We investigate conditional adversarial networks as a general-purpose solution to image-to-image translation problems. These networks not only learn the mapping from input image to output image, but also learn a loss function to train this mapping. This makes the method applicable to a wide variety of tasks, including those requiring complex input-output mappings, such as synthesizing photos from sketches, super-resolution, and colorization. We test these networks on various image translation tasks and find that the results are perceptually convincing across a range of problems including generating photographs from sketches and from attribute and semantic layouts, colorization, and even general style transfer. Additionally, in the context of paired training examples, our model makes a prior assumption that data for a given task is generated by a conditional process, and we show this assumption leads to solutions that exhibit superior performance across a variety of image translation challenges.

✨ Summary

The paper “Image-to-Image Translation with Conditional Adversarial Networks” introduces a framework utilizing conditional adversarial networks for a wide range of image-to-image translation tasks. The framework, known as pix2pix, demonstrates the adaptability of conditional adversarial networks to not only map input images to output images but also learn the loss functions necessary for such mappings. The research presents empirical results on tasks including photo synthesis from sketches, super-resolution, colorization, and style transfer, revealing convincing perceptual outcomes across these problems.

The impact of this paper is evidenced by its extensive citation and application in subsequent research. According to Google Scholar, the paper has been cited thousands of times and has influenced numerous advances in fields ranging from computer vision to autonomous vehicle navigation. The method is frequently referenced in studies dealing with generative adversarial networks (GANs), and has inspired adaptations and improvements in related tasks.
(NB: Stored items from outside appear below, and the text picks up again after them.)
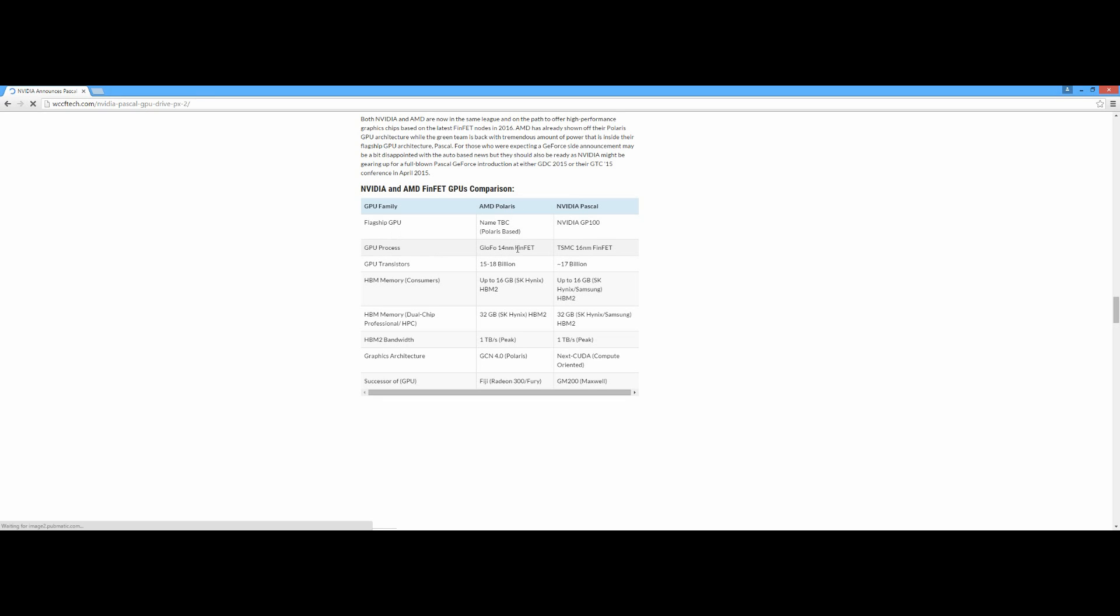For the GPU process, AMD Polaris is 14 nanometer built on FinFET compared to the 16 nanometer. Definitely the 14 nanometer is much better than 16 nanometer for more performance and less TDP.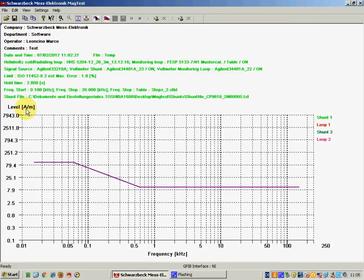The second part is the plot which shows the magnetic field level, in this case in ampere per meter, as a function of the increasing frequency shown here in kHz.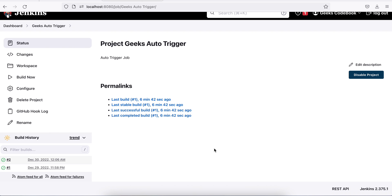You see this job has been triggered using Webhook. This is a very common use case in your day to day activities. I hope you understood. If you have any question, add your comment. Thank you.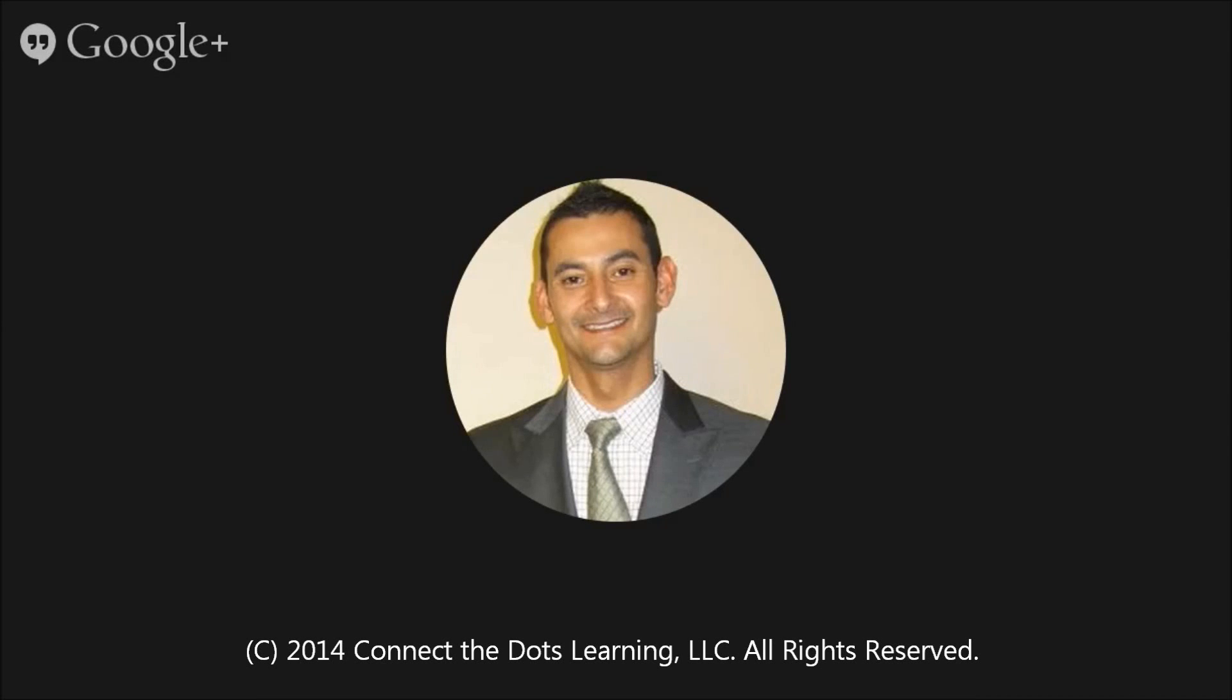Hi boys and girls, how are you? This is your coach, Noel, and I'm so excited to be working with you today on this math lesson. Parents, I want to welcome you. Boys and girls, let's go ahead and get started.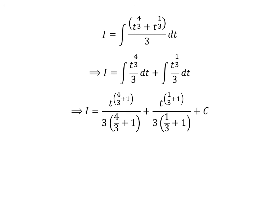We know the integral of t raised to the power of n is equal to t raised to the power of n plus 1, divided by n plus 1. So I is equal to t raised to the power of 4 upon 3 plus 1, divided by 3 times 4 upon 3 plus 1, plus t raised to the power of 1 upon 3 plus 1, divided by 3 times 1 upon 3 plus 1, plus capital C. Capital C is the arbitrary constant of the indefinite integral. Never forget to add this constant.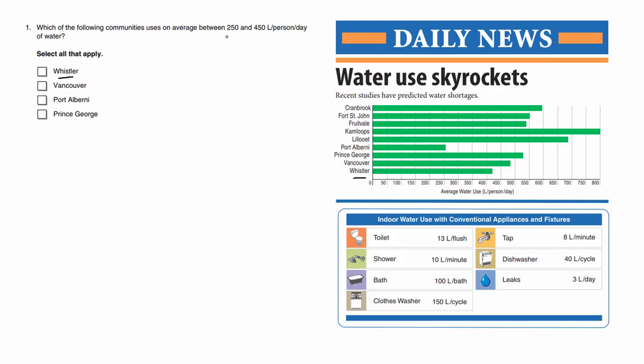And the minimum is going to be 250, so that's going to be over here. Let's draw a nice line going this way, being the minimum. The maximum is going to be 450, which is over here to the right.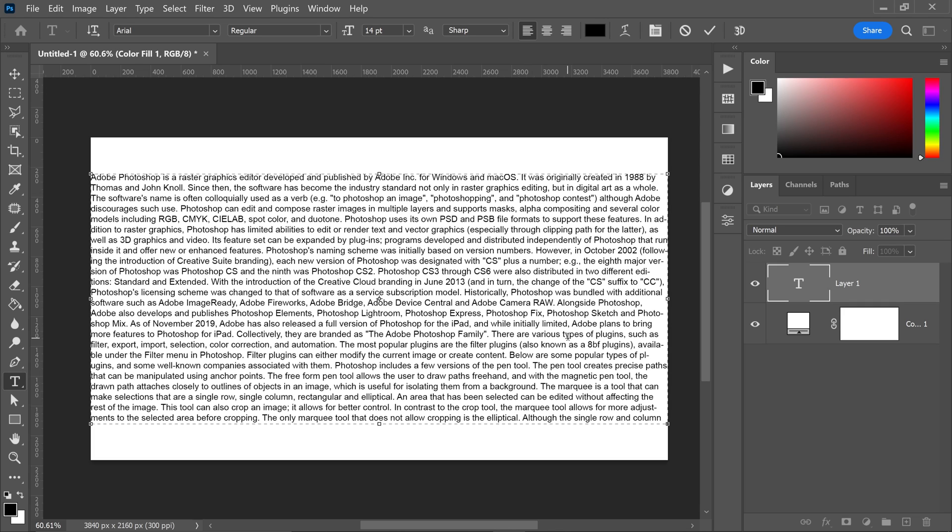But if you want your words to have a certain meaning, go ahead and type it yourself. Just keep in mind you'll need a good paragraph like this to fill it all in.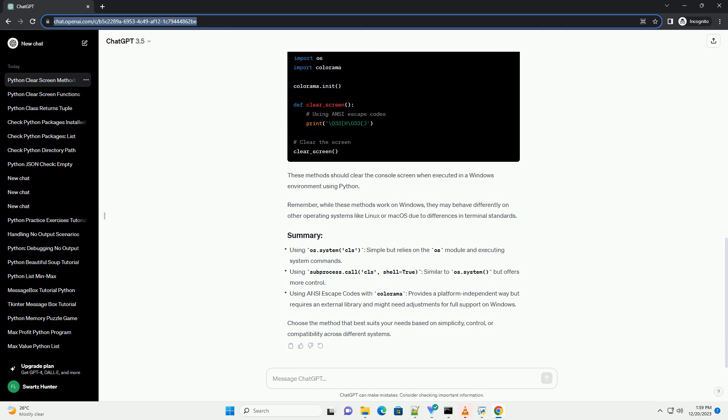ANSI escape codes provide a platform-independent way to control the terminal output, including clearing the screen. However, Windows Command Prompt doesn't fully support ANSI escape codes by default, but there are workarounds using the Colorama library.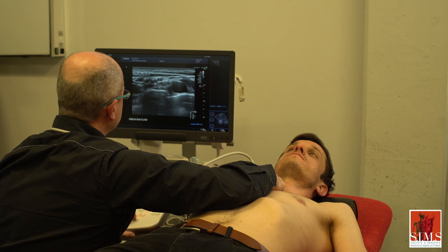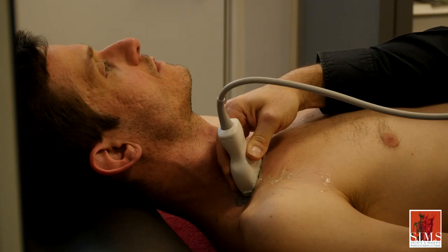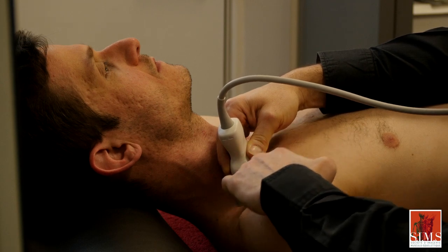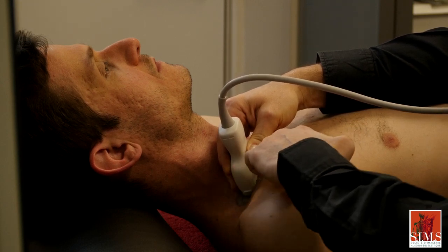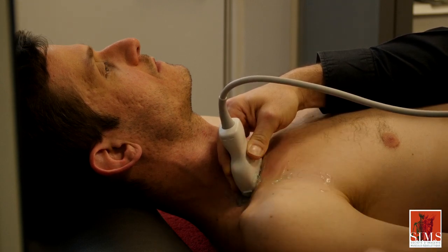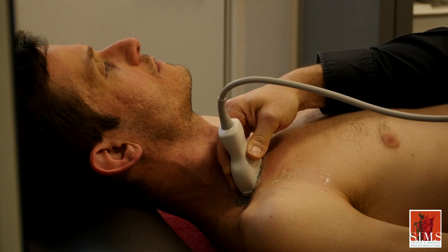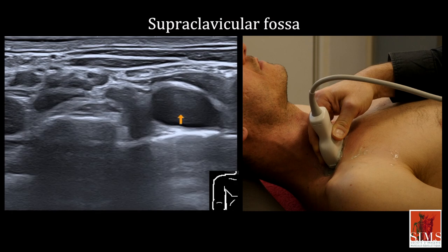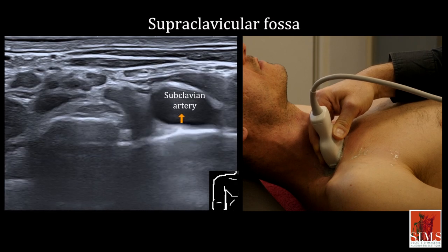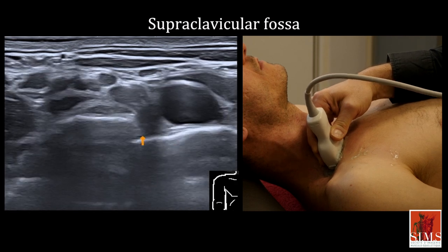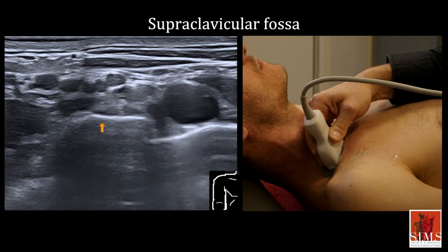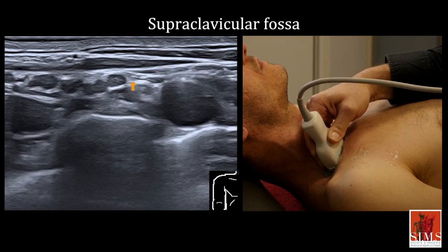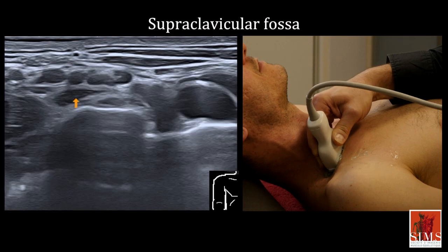I am going to show you a simplified method for examining the brachial plexus, starting from the supraclavicular fossa. The clavicle is very easy to locate, even in heavy individuals. Positioning the transducer in this hollow, you can quite easily obtain this type of image, where you can see the subclavian artery beating at the surface of the cervical pleura. Here you will notice the first rib. All these rounded structures grouped together here correspond to the cords, but they are hard to distinguish.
For example, the work has been critical in advancing research in areas such as deep generative models and their application to various computer vision problems (citation example). It is also referenced for its contribution to improving image quality through adversarial training approaches in systems such as deep fakes and art generation.

Overall, the paper represents a significant advancement in image processing using GANs, providing a versatile tool for diverse applications in the domain of computer vision and graphic design.